**INFORMATION SHOWN**
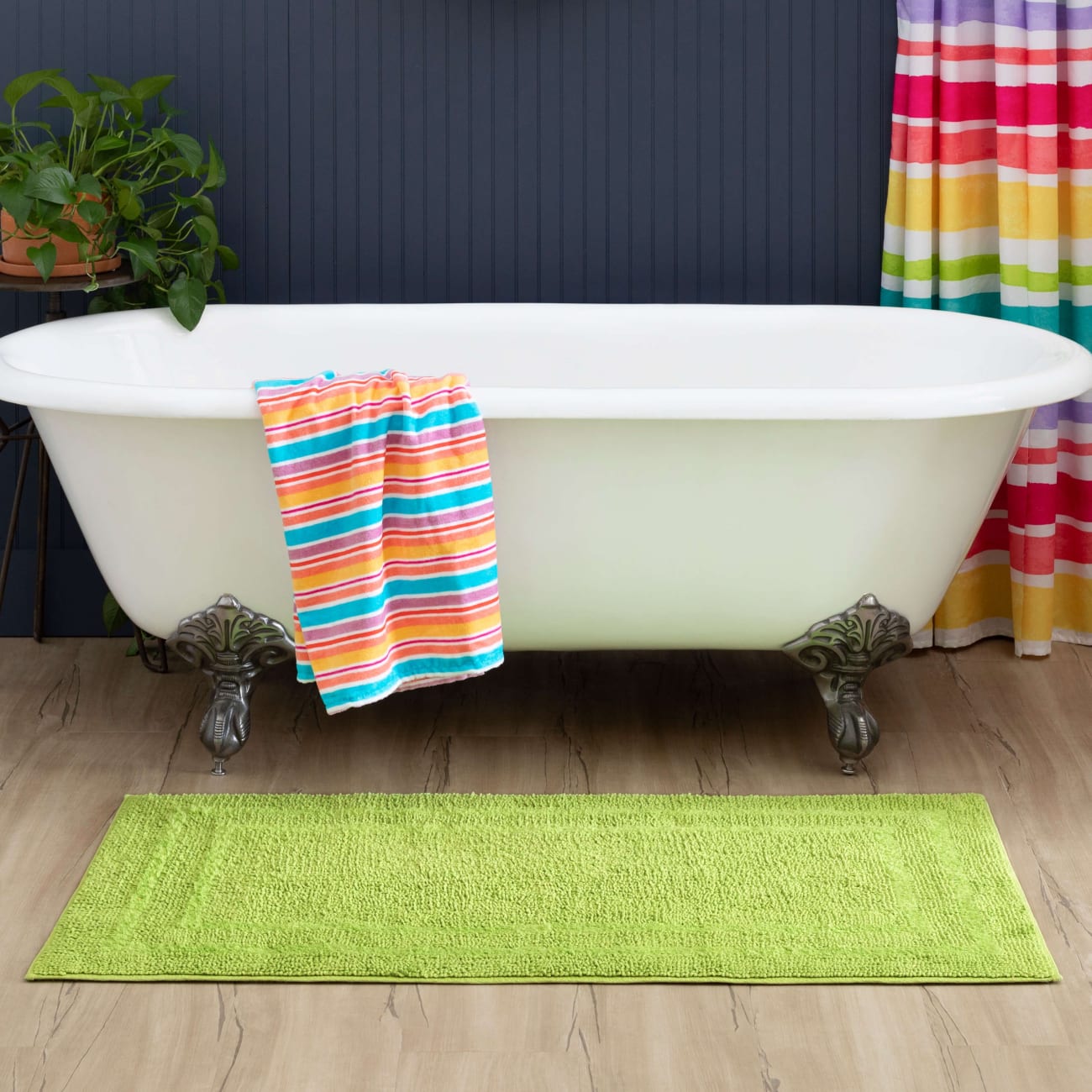 Boardwalk Bath - Cotton Reversible Seaglass N6474-9422 - Mohawk Home - Boardwalk Bath - Cotton Reversible Seaglass N6474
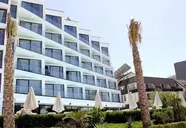 Luxury Premium Finese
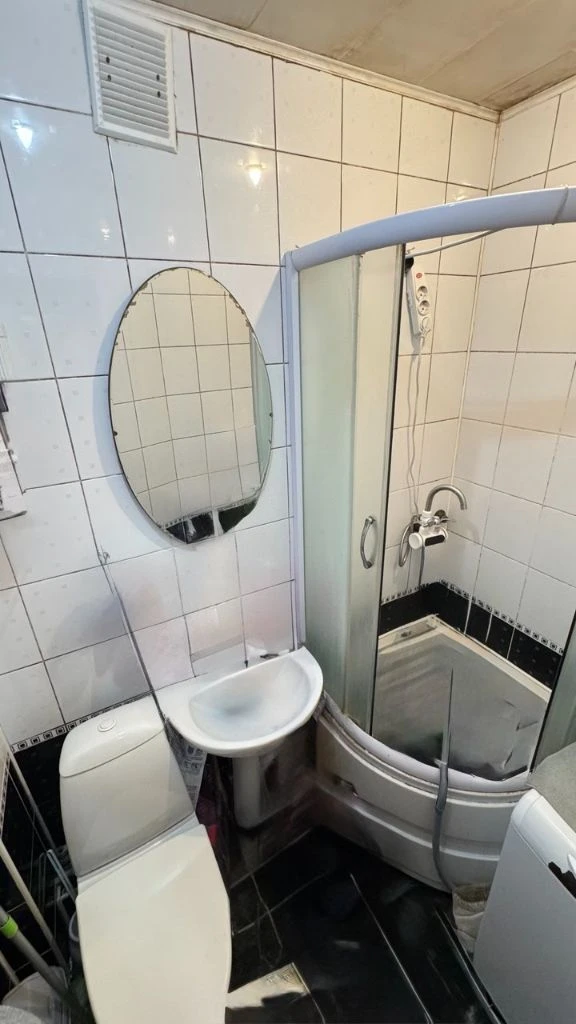 Продажа 1- комнатной квартиры ул. Раздольная. Пролетарский р-он. Общая площадь — 22,7 м2 жилая зона занимает 12,2 м2 кухня — 4,6 м2 4 / 5 этажного кирпичного дома. Квартира светлая и уютная, полностью готова к заселению — вся мебель остаётся новому владельцу. Район отличается развитой инфраструктурой: в шаговой доступности школы и детские сады, рынки и транспортные развязки. 2 700 000 р +7(949) 095 32 35 наталья (миранда телеграмм) - фотография - 6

**TASK INSTRUCTIONS**
Without the pictures, write out the whole listing above exactly as it appears.

**WRITTEN SOLUTION**
 Boardwalk Bath - Cotton Reversible Seaglass N6474-9422 - Mohawk Home - Boardwalk Bath - Cotton Reversible Seaglass N6474
 Luxury Premium Finese
 Продажа 1- комнатной квартиры ул. Раздольная. Пролетарский р-он. Общая площадь — 22,7 м2 жилая зона занимает 12,2 м2 кухня — 4,6 м2 4 / 5 этажного кирпичного дома. Квартира светлая и уютная, полностью готова к заселению — вся мебель остаётся новому владельцу. Район отличается развитой инфраструктурой: в шаговой доступности школы и детские сады, рынки и транспортные развязки. 2 700 000 р +7(949) 095 32 35 наталья (миранда телеграмм) - фотография - 6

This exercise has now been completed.